[Stored records]
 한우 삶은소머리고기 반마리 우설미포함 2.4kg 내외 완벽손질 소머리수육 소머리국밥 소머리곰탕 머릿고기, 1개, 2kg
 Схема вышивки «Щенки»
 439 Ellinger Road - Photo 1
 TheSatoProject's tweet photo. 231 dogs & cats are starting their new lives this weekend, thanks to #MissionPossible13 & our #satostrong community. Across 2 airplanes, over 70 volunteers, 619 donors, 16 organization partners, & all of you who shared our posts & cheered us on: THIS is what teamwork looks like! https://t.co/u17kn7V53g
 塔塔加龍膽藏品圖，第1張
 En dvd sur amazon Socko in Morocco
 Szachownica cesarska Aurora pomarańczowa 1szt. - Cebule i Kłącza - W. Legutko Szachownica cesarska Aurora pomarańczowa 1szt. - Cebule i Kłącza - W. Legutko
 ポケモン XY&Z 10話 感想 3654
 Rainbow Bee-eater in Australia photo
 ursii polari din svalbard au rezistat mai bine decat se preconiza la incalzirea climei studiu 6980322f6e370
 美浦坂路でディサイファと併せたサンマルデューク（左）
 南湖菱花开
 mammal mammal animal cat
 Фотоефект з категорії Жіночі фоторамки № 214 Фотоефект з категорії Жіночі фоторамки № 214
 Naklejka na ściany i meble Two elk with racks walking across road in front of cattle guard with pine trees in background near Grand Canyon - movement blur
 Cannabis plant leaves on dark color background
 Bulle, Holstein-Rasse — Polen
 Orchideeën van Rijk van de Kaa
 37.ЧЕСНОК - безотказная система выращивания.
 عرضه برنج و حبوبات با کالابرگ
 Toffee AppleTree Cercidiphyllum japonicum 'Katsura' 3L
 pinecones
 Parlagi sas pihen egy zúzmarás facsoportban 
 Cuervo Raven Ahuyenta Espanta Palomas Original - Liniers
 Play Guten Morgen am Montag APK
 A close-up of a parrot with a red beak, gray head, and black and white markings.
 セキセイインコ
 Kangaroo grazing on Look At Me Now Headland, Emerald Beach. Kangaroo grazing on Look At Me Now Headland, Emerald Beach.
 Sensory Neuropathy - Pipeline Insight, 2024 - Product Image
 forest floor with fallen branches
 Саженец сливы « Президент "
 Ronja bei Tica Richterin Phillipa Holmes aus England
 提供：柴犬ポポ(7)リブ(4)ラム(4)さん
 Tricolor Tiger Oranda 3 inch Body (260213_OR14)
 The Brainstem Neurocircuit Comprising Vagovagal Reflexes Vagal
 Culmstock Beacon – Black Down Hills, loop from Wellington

What this task involves:
Give back the data above exactly, so that every line matches.

Answer:
 한우 삶은소머리고기 반마리 우설미포함 2.4kg 내외 완벽손질 소머리수육 소머리국밥 소머리곰탕 머릿고기, 1개, 2kg
 Схема вышивки «Щенки»
 439 Ellinger Road - Photo 1
 TheSatoProject's tweet photo. 231 dogs & cats are starting their new lives this weekend, thanks to #MissionPossible13 & our #satostrong community. Across 2 airplanes, over 70 volunteers, 619 donors, 16 organization partners, & all of you who shared our posts & cheered us on: THIS is what teamwork looks like! https://t.co/u17kn7V53g
 塔塔加龍膽藏品圖，第1張
 En dvd sur amazon Socko in Morocco
 Szachownica cesarska Aurora pomarańczowa 1szt. - Cebule i Kłącza - W. Legutko Szachownica cesarska Aurora pomarańczowa 1szt. - Cebule i Kłącza - W. Legutko
 ポケモン XY&Z 10話 感想 3654
 Rainbow Bee-eater in Australia photo
 ursii polari din svalbard au rezistat mai bine decat se preconiza la incalzirea climei studiu 6980322f6e370
 美浦坂路でディサイファと併せたサンマルデューク（左）
 南湖菱花开
 mammal mammal animal cat
 Фотоефект з категорії Жіночі фоторамки № 214 Фотоефект з категорії Жіночі фоторамки № 214
 Naklejka na ściany i meble Two elk with racks walking across road in front of cattle guard with pine trees in background near Grand Canyon - movement blur
 Cannabis plant leaves on dark color background
 Bulle, Holstein-Rasse — Polen
 Orchideeën van Rijk van de Kaa
 37.ЧЕСНОК - безотказная система выращивания.
 عرضه برنج و حبوبات با کالابرگ
 Toffee AppleTree Cercidiphyllum japonicum 'Katsura' 3L
 pinecones
 Parlagi sas pihen egy zúzmarás facsoportban 
 Cuervo Raven Ahuyenta Espanta Palomas Original - Liniers
 Play Guten Morgen am Montag APK
 A close-up of a parrot with a red beak, gray head, and black and white markings.
 セキセイインコ
 Kangaroo grazing on Look At Me Now Headland, Emerald Beach. Kangaroo grazing on Look At Me Now Headland, Emerald Beach.
 Sensory Neuropathy - Pipeline Insight, 2024 - Product Image
 forest floor with fallen branches
 Саженец сливы « Президент "
 Ronja bei Tica Richterin Phillipa Holmes aus England
 提供：柴犬ポポ(7)リブ(4)ラム(4)さん
 Tricolor Tiger Oranda 3 inch Body (260213_OR14)
 The Brainstem Neurocircuit Comprising Vagovagal Reflexes Vagal
 Culmstock Beacon – Black Down Hills, loop from Wellington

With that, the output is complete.